*** INPUT DATA ***

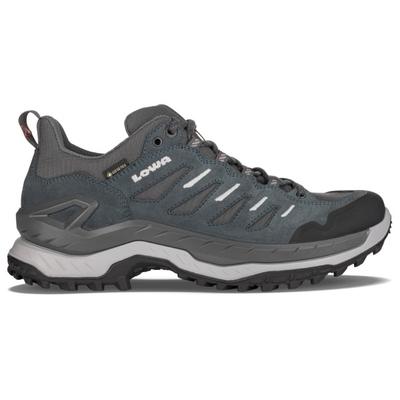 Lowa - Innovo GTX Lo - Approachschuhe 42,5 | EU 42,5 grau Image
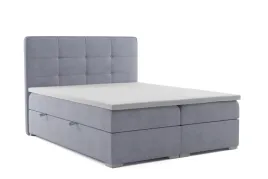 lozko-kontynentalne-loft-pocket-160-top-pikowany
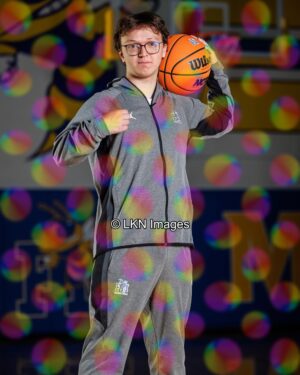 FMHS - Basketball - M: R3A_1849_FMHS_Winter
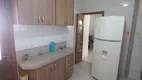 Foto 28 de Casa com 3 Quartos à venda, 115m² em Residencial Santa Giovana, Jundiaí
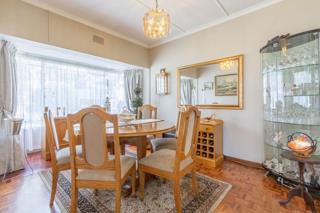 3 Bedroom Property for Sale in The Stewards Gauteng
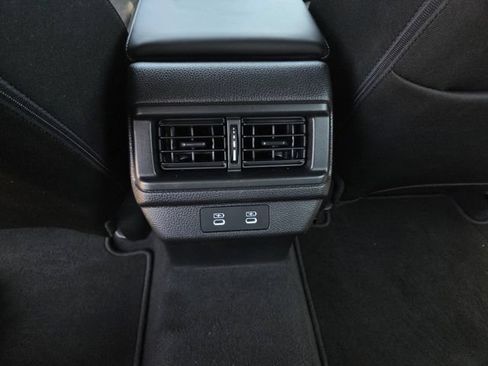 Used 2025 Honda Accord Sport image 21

***
*** INPUT DATA ***

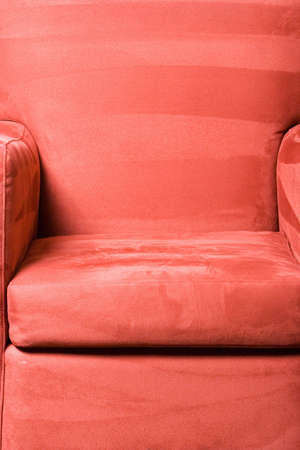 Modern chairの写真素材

***
*** INPUT DATA ***

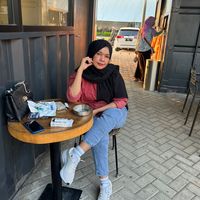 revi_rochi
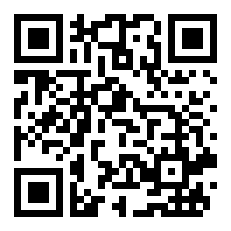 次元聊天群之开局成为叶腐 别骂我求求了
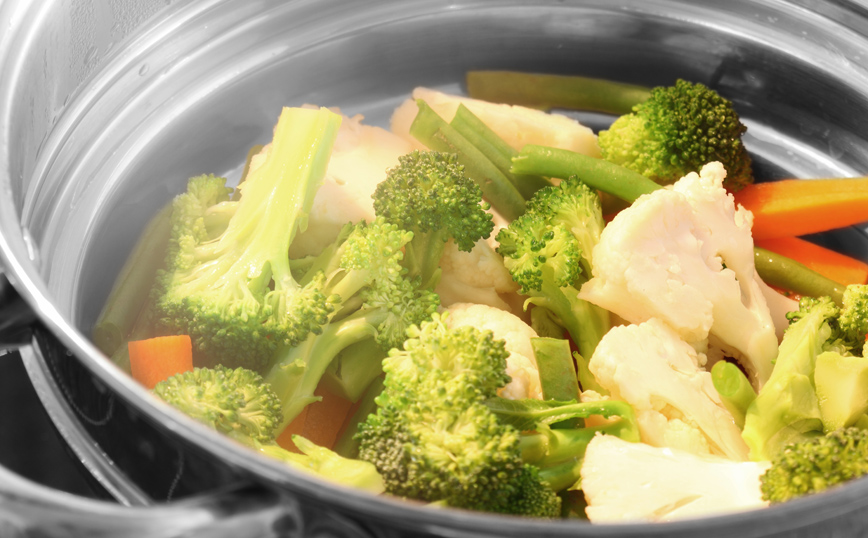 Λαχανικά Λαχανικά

***

- _WHAT THE TASK ASKS_
Work from the entries above. Set down exactly and only the lines from the line with "Lowa - Innovo" to the line with "Used 2025 Honda Accord Sport image 21", both included, and leave the pictures out.

- _RESULT BELOW_
 Lowa - Innovo GTX Lo - Approachschuhe 42,5 | EU 42,5 grau Image
 lozko-kontynentalne-loft-pocket-160-top-pikowany
 FMHS - Basketball - M: R3A_1849_FMHS_Winter
 Foto 28 de Casa com 3 Quartos à venda, 115m² em Residencial Santa Giovana, Jundiaí
 3 Bedroom Property for Sale in The Stewards Gauteng
 Used 2025 Honda Accord Sport image 21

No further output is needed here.